If Patty Wetterling is interested in staying in politics, political experts say her first race for Congress was an effective move.
Mark Kennedy is considered a possible challenger in 2006 for the U.S. Senate seat currently held by Mark Dayton, which would mean he'd give up his House seat. St. John's University political science professor Bob Webber says if that happens, Wetterling has a shot at an open U.S. House seat in just two years.
"Patty Wetterling would have a leg up on any other candidate. She would be a favorite going into the race, even though it has Republican tendencies," said Webber.

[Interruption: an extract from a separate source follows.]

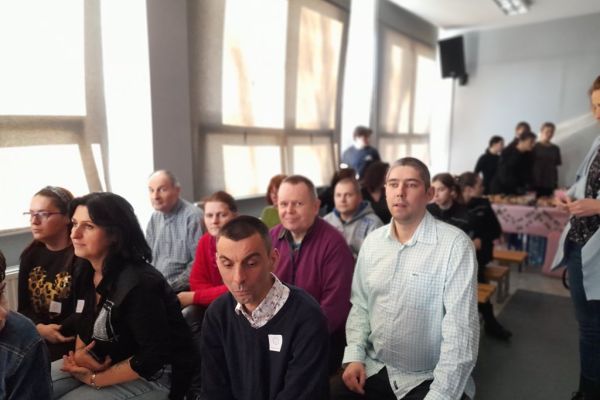 Mieszkańcy siedza w sali szkolnej i oglądają koncert.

Even if the seat is open, it doesn't mean Wetterling would be a shoe-in for Congress. Kay Wolsborn, a political science professor at the College of St. Benedict, says Republicans could offer up a well-known candidate of their own in two years to run against Wetterling.
"For example, say Mary Kiffmeyer, or somebody who has statewide name recognition, is put in on the Republican side. That would be a substantial competition for the two of them," she said.
Wolsborn says Patty Wetterling learned some valuable lessons over the last six months of campaigning. She knows how to set up a campaign, and will likely have more time to raise money if she runs again. Wolsborn says Wetterling now has the advantage of political experience.
"She's now been seasoned, she's been through this baptism of fire with respect to a Congressional race, she knows what it's like," said Wolsborn. "I suspect she'd be much better prepared, and I doubt that she'd lose any of the support she already has. And she conceded in a way that really left that option open."
Wolsborn say Wetterling was a serious candidate for this election, and would have been ready to serve in Congress. But she says running a first-time campaign can be an effective strategy to lay the groundwork for the next election.